BY: AL DONATO
Gender as we know it is a lie. The male-female binary is a social construct, ignoring intersex, trans, genderqueer, and other non-binary individuals whose identities aren’t the same as the sex assigned at birth.
Unfortunately, it’s a lie swathed in many pervasive institutions our society upholds, the most damning of which is language.
Imagine living in a world where your very existence was unspeakable. When you try to refer to yourself, you’re met with confusion, disgust, or ignored altogether.
It’s a reality for many people who don’t identify as male or female. For them, non-normative pronouns such as xe or zie or ze instead of he or she – all pronounced “zee” – allow them to define themselves on their own terms. Unfortunately, for many, doing so invites harassment.
Albi*, a 29-year-old web designer and proofreader, uses zie, hir, and hirs pronouns (pronounced here, and heres). Albi first discovered zie a decade ago, browsing the Internet in hir high school library.
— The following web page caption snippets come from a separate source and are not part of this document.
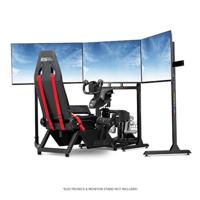 Next Level Racing Flight Simulator - thumbnail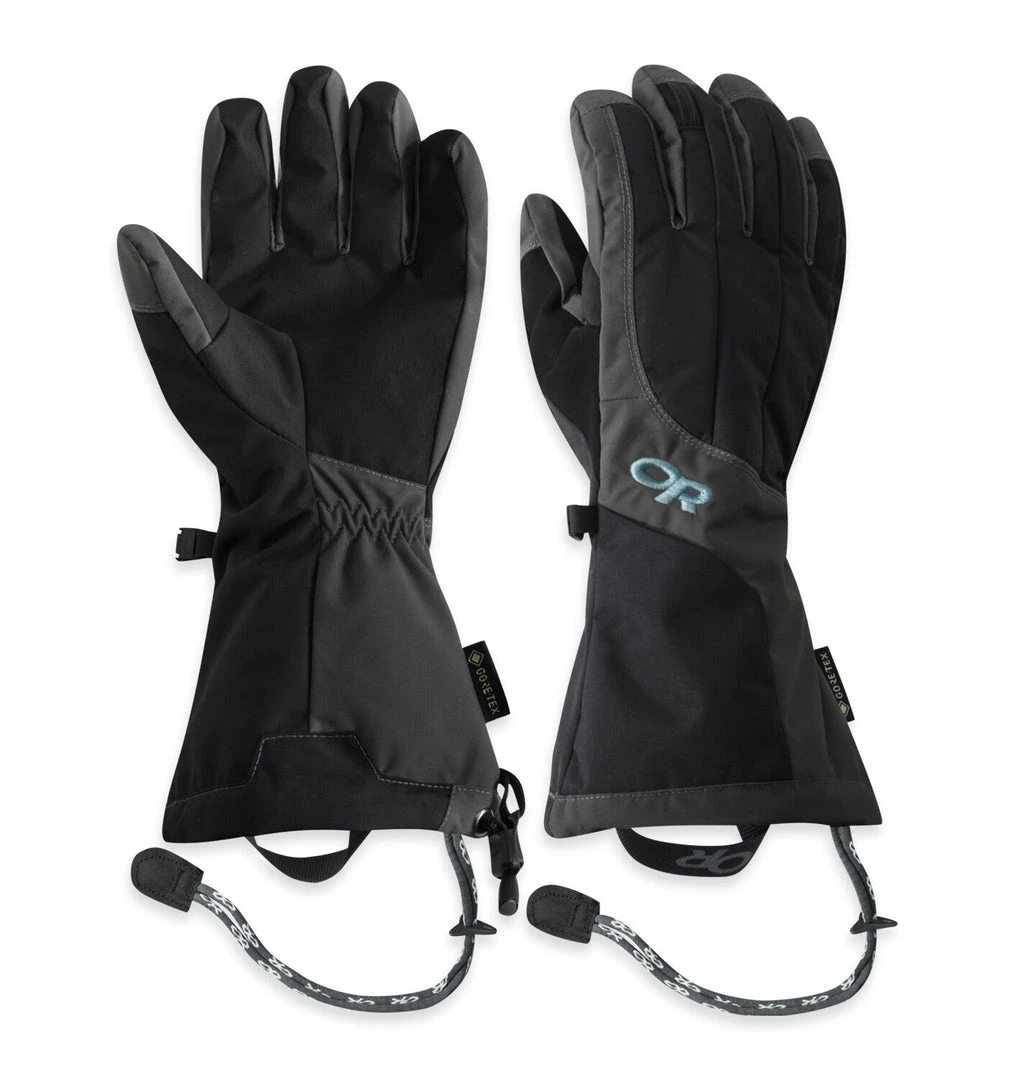 Outdoor Research Arete Gloves Women's Gloves & Mittens 1 Outdoor Research Arete Gloves Women's Gloves & Mittens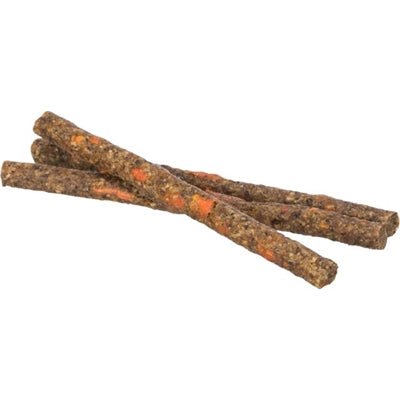 Afbeelding laden in galerijviewer, Trixie Insect sticks met meelwormen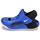 Zapatos Niños Chanclas Nike Nike Sunray Protect 3 Azul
“I thought zie/hir were neat. I tried them out a few times when I wrote short stories and poems. I even used them for myself online, very early on, and liked how they felt,” Albi says. “It wasn’t until years later in my almost-30s that I’ve looked more into that and put the puzzle clues together.”
However, zie often falls back on they, them, and theirs to avoid negative confrontations.
“Somebody actually had the nerve to tell me my pronouns were used by ‘whiny attention whores’… needless to say we’re no longer friends,” says Albi.
English, this capricious pilfered bastardization of other cultures’ tongues we speak, is constantly mutating to accommodate our selfies, twerking and amazeballs (all words recognized by the Oxford Dictionary), but has yet to accept alternatives to masculine and feminine singular pronouns.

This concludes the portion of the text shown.